If Yahweh is the author of truth and the Devil is partially defined as the author of lies, then anything in the Bible which we suggest is false or evil is from the Devil.  This includes “culturally irrelevant” stances on gender roles (oppressive and unloving!), ideas about submitting to authority (unAmerican, of course!), and keeping the Sabbath holy (before the modern consumptive economy!).  But the most important thing “modern” Christians enjoy painting as the Devil’s work is Levitical law, as they claim it is archaic and oppressive, having completely unacceptable standards for treating women, or unacceptable intolerance of idolators, homosexuals, and false prophets.  These people would claim that when Jesus arrived, suddenly God changed His mind about standards and started preaching a philosophy of hugs while throwing any sort of orderly function–and justice–out the window (“love your enemies” apparently means letting them do whatever they want).

But as Pastor Paul Schmidtbleicher of Evergreen Baptist Church points out, while Jesus absolutely commanded His followers to love their neighbors as themselves, He wasn’t demanding fuzzy feelings.  A closer look at His statement reveals that all the law and all the prophets hang on this commandment to love, making the practical application of Levitical law–regardless of what “modernity” says–the standard and proper order of loving interpersonal interaction.  This makes love less like lawlessness and more proper procedure; a verb instead of a noun.  The law was simply an incomplete guideline by which to base and legitimize your loving behavior, which Jesus completed upon His arrival. 
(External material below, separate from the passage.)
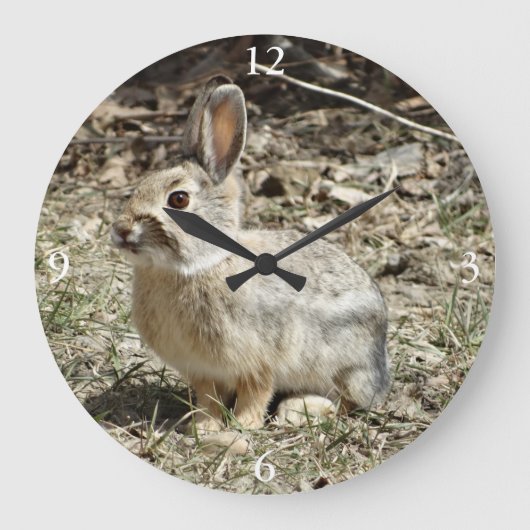 R24コットンテールウサギ ラージ壁時計 (正面)
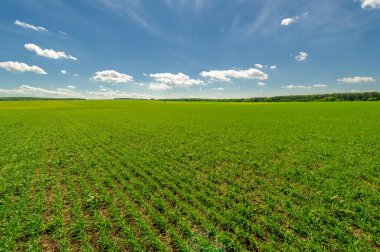 Kış tahılları, ayrıca kış tahılları, güz tahılları veya sonbahar ekili tahıllar olarak da bilinir, sonbaharda ekilen iki yıllık tahıllardır..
It should be noted that this is a radical departure from how Westerners see love, as Christians see feelings as the result of loving behavior, not the other way around.  Throw out the law and you’re left with a myriad of people’s opinions about what loving behavior constitutes, as well as a lack of proper justice for those who violate loving interaction.  And is the promotion of chaos and extreme individualism truly love?  Or are justice and order and the promotion of harmony?
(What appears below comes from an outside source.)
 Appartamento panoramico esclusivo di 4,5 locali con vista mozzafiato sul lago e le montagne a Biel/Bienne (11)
Of course, if the reader is interested in suggesting that patriarchal systems or an intolerance of homosexuality–God’s commandments–aren’t loving, we must understand that they are suggesting one of four things: that either God is not loving, that the eternal God is becoming “more moral” on a human time scale, that the reader has higher moral standards than God, or that The Devil himself was responsible for putting falsehoods into our Old Testament (strangely enough drawing a parallel to Muslim claims about the Qur’an’s conflicting applications of law). As one can see, any one of these greatly shakes the foundation of Christianity, certainly enough to spawn a few cults and reduce God from Omniscient and Righteous to Infantile and Capricious, His word from divinely mandated revelation to culturally-influenced speculation.

But my point is this.  If what you are looking for is to be God’s boss, then be an idolator and place yourself on His throne: throw His Levitical standards for interpersonal interaction out the window and make your own up.  But if you are indeed convinced that Jesus Christ is your Lord–not your Therapy Santa–and that your righteousness and your understanding are not enough to enter His Holy kingdom, but rather a dependence upon Him, then be dependent and consider what He says about His law.  We love people by our righteous actions, and anything aside from this is something else, regardless of how we feel about what we do.
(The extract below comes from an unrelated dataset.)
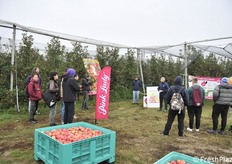 Giornata uggiosa ma ricca di contenuti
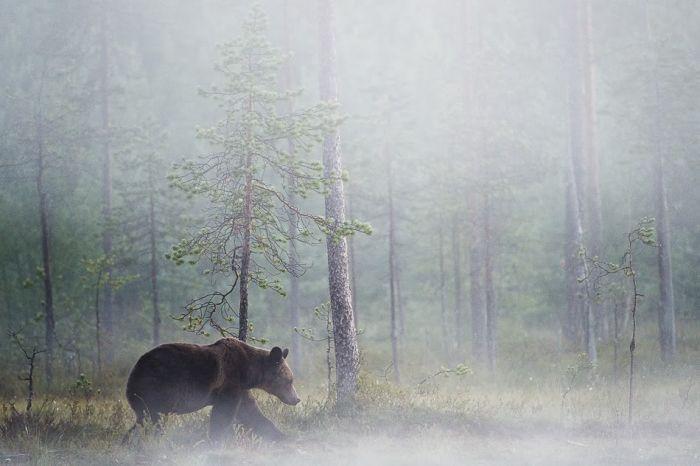 Один день из жизни бурого медведя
Now, we must be careful not to confuse laws of personal interaction with unnecessary Levitical priestly duties and cleanliness laws.  We also have to be careful and not pretend as though we can achieve the Kingdom of Heaven by following the law, as even Christ’s apostles were clear to the new gentile converts that only a handful of rules–mostly pertaining to idolatry and sexual immorality–should be uniform throughout the entire Christian church.  But that doesn’t mean we have license to do whatever we want: Christ commanded us to love one another through orderly and harmonious social expression, and the Law is His guideline to that proper functioning.

Of course, if someone can give another biblically-based Christian definition of loving behavior, they are welcome to post it.